At three thirty that afternoon, Nick Willis entered her office and sat across from her. Ada’s heart pumped with the memory of their strange night at the wine bar. It had felt like a date, but this was nothing she would ever admit to anyone. But today, Nick looked different to her than he had that night. He didn’t look quite as defeated. It was almost as though he’d discovered something new or come to a conclusion.
It didn’t take long for Ada to find out.
“I’ve decided something,” Nick said when she asked how he was. “I’m going to go traveling.”
Ada narrowed her eyes, surprised at her own visceral feeling. It was like her stomach dropped. “A vacation sounds perfect for you,” she said. “Especially after all you’ve been through. How long will you be gone?”
Nick shook his head ever so slightly. “That’s not what I mean. I mean, I’m leaving the island. I’m heading out. I don’t have any plans, and I don’t know when I’m coming back.”
Ada crossed her legs and set her pen aside. She considered what she might say. Something like, “Just because someone stood you up on a date, doesn’t mean you have to run.” But she sensed this was bigger than the failed date.
“Where is this coming from?” she asked. She hated that it felt like someone was leaving her. She hated that it felt almost personal.

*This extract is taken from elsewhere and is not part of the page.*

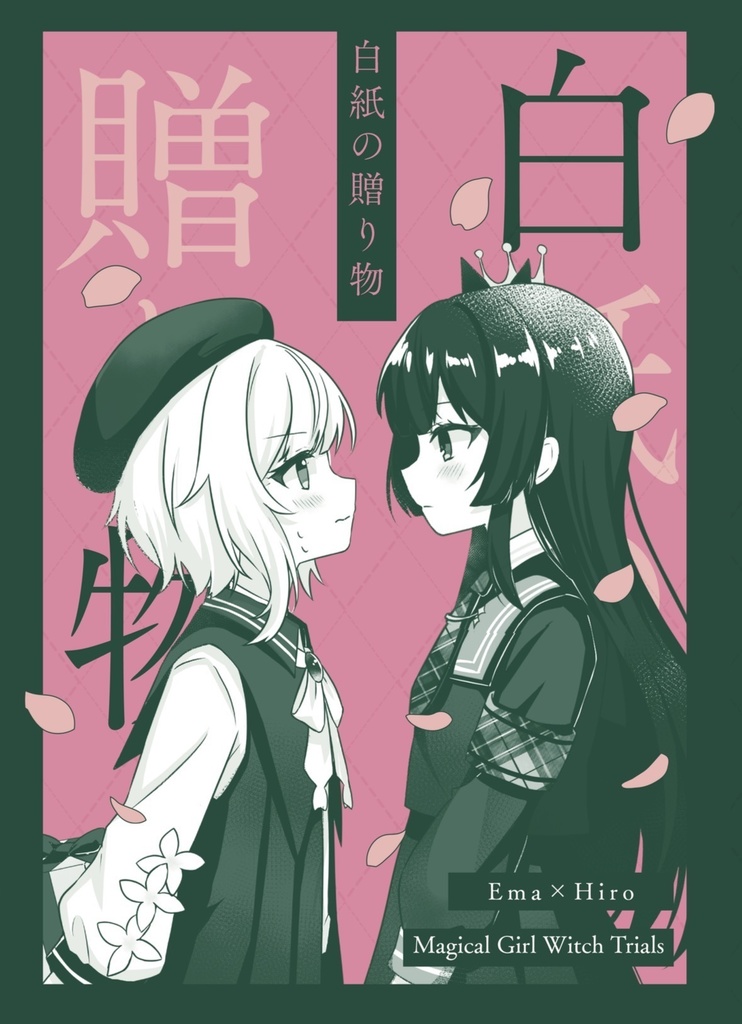 【共犯者達ノ同人法廷】白紙の贈り物【魔法少女ノ魔女裁判】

“I woke up the other morning and realized that my daughter’s gone. She’s really gone,” Nick said. “It’s like, I knew she was. I took her to Yale myself. I helped her put the sheets on her bed and all that. But it took a little while for it to sink in. My wife is dead. My daughter’s grown up. And I’m a poet, for crying out loud.” Nick’s eyes were wistful, almost hopeful. “Nothing is keeping me here, or in the city, or anywhere else. I can travel. I can work from anywhere.”
Ada cupped her elbows, watching him intently. She hoped this wasn’t a sign of a nervous breakdown.
“Where will you go?” Ada asked.
Nick laughed. “That’s the fun part. I don’t know yet. I was thinking I could do it like in the movies. I could sell my car, head to the airport, and pick a flight out on the board.”
“Can you still do that?” Ada laughed.